DATA SUPPLIED >>
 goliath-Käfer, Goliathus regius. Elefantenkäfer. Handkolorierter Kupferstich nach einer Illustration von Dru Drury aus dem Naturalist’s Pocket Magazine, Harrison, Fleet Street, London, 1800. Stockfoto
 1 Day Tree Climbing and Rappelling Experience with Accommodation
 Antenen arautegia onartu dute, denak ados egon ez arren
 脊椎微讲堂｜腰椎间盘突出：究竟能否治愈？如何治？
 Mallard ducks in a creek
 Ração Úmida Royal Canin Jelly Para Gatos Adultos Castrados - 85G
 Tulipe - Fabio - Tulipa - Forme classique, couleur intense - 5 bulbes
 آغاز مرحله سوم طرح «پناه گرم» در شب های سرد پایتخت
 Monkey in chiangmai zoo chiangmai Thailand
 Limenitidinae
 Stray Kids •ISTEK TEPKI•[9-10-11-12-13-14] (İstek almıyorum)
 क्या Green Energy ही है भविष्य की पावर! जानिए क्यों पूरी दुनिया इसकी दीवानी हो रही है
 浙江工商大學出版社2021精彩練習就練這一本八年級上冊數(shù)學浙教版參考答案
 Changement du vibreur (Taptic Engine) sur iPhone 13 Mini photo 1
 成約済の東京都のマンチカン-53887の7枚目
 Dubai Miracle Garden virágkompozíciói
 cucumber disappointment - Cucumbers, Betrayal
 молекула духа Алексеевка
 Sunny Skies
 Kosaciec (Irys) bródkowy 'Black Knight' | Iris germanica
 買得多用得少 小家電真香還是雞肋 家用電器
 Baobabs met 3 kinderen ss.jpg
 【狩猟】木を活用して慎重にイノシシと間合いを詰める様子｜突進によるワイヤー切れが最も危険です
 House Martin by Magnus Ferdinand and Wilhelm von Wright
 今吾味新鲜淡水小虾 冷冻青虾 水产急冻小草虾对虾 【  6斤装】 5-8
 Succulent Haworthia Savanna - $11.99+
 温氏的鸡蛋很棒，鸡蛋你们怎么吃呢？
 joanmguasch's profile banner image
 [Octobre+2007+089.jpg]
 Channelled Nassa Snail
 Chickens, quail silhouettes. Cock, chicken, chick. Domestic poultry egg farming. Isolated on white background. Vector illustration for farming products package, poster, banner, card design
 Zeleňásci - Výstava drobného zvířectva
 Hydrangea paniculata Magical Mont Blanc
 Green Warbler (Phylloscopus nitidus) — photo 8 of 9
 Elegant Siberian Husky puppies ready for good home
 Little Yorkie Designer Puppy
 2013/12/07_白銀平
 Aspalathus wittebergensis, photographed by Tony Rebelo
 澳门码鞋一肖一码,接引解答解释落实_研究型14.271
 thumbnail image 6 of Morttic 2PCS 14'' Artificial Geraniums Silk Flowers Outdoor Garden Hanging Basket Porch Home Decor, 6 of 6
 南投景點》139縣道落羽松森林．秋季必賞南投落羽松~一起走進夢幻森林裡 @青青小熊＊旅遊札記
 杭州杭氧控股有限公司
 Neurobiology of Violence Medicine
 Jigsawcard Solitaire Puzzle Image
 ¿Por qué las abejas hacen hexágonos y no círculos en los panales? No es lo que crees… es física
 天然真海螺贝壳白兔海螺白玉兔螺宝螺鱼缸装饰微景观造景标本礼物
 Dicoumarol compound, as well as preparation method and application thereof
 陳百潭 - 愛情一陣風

THE PROBLEM >> Scan the data above. Return every line with "Green" in it.

ANSWER TO THE EXERCISE >>
 क्या Green Energy ही है भविष्य की पावर! जानिए क्यों पूरी दुनिया इसकी दीवानी हो रही है
 Green Warbler (Phylloscopus nitidus) — photo 8 of 9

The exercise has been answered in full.